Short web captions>
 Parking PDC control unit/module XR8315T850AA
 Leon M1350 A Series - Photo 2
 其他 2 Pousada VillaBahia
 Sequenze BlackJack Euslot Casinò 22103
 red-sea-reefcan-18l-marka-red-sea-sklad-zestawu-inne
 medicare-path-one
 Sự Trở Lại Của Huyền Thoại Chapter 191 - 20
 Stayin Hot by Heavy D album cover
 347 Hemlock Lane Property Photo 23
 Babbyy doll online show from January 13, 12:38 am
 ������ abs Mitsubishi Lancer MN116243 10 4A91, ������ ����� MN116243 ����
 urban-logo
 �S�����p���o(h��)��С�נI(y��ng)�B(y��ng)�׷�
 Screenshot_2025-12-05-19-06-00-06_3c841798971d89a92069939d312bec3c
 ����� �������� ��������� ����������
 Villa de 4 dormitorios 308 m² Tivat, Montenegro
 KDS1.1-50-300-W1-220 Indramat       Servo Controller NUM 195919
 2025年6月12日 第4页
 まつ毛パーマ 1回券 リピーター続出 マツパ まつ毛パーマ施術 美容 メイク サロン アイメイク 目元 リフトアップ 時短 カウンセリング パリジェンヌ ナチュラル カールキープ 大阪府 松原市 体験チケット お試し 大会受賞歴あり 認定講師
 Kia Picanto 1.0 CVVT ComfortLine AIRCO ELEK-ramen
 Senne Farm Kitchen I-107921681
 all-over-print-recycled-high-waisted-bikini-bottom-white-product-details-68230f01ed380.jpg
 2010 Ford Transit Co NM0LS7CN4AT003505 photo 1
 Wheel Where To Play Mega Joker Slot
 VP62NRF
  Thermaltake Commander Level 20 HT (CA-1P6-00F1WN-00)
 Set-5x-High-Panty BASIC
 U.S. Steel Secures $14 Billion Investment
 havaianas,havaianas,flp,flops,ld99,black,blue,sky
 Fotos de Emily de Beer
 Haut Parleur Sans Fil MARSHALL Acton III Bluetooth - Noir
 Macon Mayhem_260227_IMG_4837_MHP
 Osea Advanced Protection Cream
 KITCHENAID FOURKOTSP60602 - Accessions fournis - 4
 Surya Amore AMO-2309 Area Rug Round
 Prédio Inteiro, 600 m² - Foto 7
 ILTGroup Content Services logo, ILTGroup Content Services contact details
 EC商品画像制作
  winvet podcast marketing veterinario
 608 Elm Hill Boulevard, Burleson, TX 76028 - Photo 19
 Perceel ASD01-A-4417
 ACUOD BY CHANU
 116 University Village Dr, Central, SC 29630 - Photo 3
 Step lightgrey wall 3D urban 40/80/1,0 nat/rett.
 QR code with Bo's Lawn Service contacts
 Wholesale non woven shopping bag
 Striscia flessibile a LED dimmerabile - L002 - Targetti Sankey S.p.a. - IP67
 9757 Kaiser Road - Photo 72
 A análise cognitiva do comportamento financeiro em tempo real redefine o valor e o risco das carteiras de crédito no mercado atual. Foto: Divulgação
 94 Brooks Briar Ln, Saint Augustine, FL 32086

Task directions>
Say how many lines in the entries contain the string "details", and say nothing else.

Reply to the task>
2